The Spec Fic singularity panel was pleasantly lively. I simultaneously argued that there does, in fact, exist a cannon, while arguing that it can’t be definitively listed and nobody should feel obligated to read it. There was a bit of push back on the first point, but mostly we all agreed that there are a ton of good books we want to read.
That was followed the Anarchists in Spaaaace panel. This conversation wandered widely, and didn’t really dig into the bits of it I think it needed to. Mostly there was a lot of unchecked idealism that I wanted to pull apart and
destroy explore further, but there wasn’t time. Also, this panel had me doing the thing I sometimes do on panels where I want the table to be a bit curved so I can see the other panelists without craning my neck. Then again, my sofa is curved. I’m strange.
Where Do I hold my Virtual Sit-in was probably my favorite panel. There was really good discussion about the nature and tools of protest, the ethics, and the efficacy. The moderating, Naamen Tilahun, is such a genuinely nice guy that I got to be an insensitive asshole and look like I was just providing balance, rather than being me. Then again, Nancy Jane Moore ended the panel saying she felt reassured about the current state of protest than she had at the outset, which leaves me thinking I did something wrong.
My last panel (yeah, there’s another one) was the Liar’s panel, which I got put on mid-day to fill in for a panelist who might not be able to make it, who then showed up anyway. I had no idea what a Liars panel was, but the part where everybody who did went, “Oh yeah, you should do that,” was a little telling. I did an awful lot of talking about cannibalism and my practices thereof. There was a point where I was clinging to Vylar Kaftan for protection from Ellen Klages. There was another point where Vylar was fishing a paper lobster from Ellen’s pants. I offered a twelve-year-old heroine and her dad didn’t call the cops. You now know as much about how a Liar’s panel works as I do.
Saturday night featured soaking in the hotel hot tub after running off very drunk high school baseball players with out-loud readings of atrociously bad sex scenes. I’m pretty sure I get karmic credit for participating in that.

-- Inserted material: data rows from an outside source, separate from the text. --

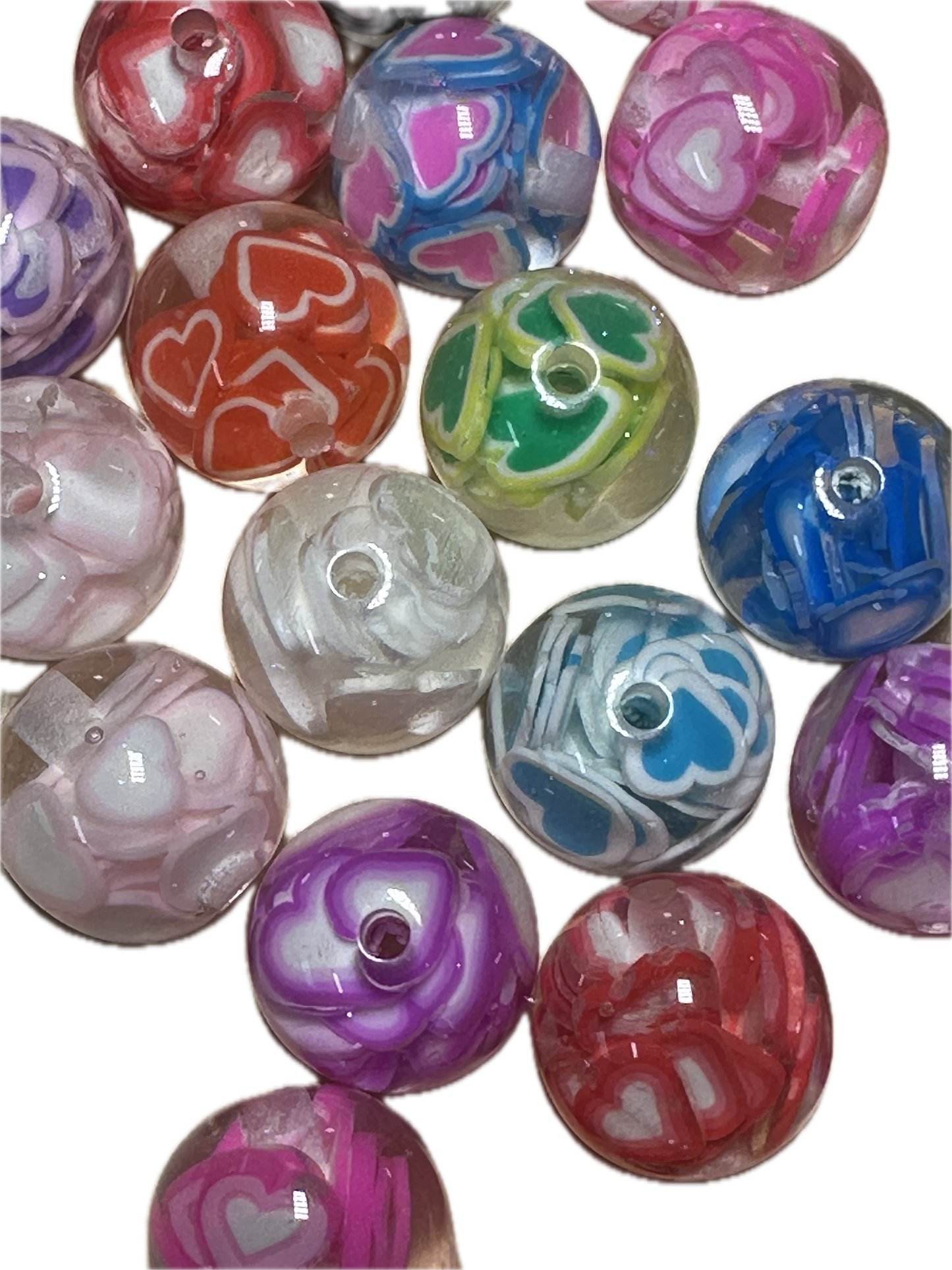 16mm resin beads with assorted color hearts inside/ set of ten (10) 16mm beads/ infused beads/ pen beading beads/ beautiful / keychain beads/ DIY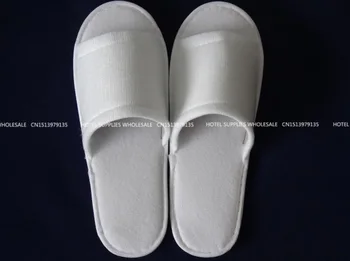 

Free shipping!Disposable half a pack of type Slippers/ family travel/hotel/white/flax plush20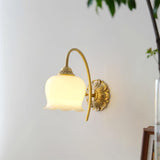 Elegant Brass Flower Wall Sconce with Resin Orchid Details for Living Room and Bedside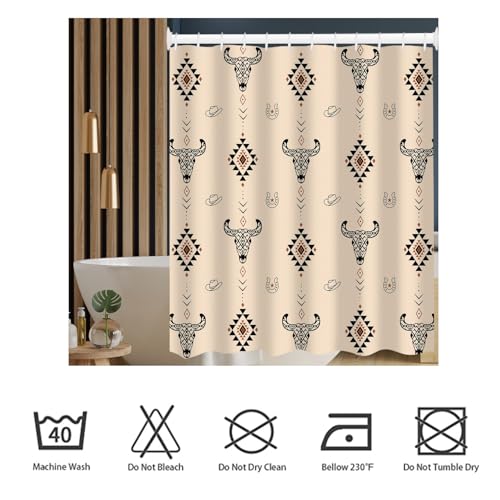 Western Aztec Shower Curtain - Vintage Bull Skull & Cowboy Hat, 72x72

Sunday was a long day. I had my reading with David Levine and Nancy Jane Moore. There were three other people in the audience, all of whom were brilliant, attractive people destined for happiness and success. The cookies were, as expected, still moist and tasty. There were also just a wee bit spicier than I’m used to them being – I’ve curried peanut butter cookies before, but they’ve never had the opportunity to age four days. I was a fan of the results. If the part where not even the crumbs came home with me is any evidence, so were other people.
There was more hanging out in the consuite, followed by dinner (Pho!) followed by packing and chatting with Gary Kloster, my roommate for the weekend. Then I caught a plane, flew home, and worked a fuller-than-usual Monday. So, technically, I think FogCon went until about 12:08am CST, Tuesday morning, because that’s when I finally went to bed. Or maybe that’s not how it works. I can’t tell, my eyes are bloodshot and full of sand. I think that’s a sign of virtue. Or an awesome con.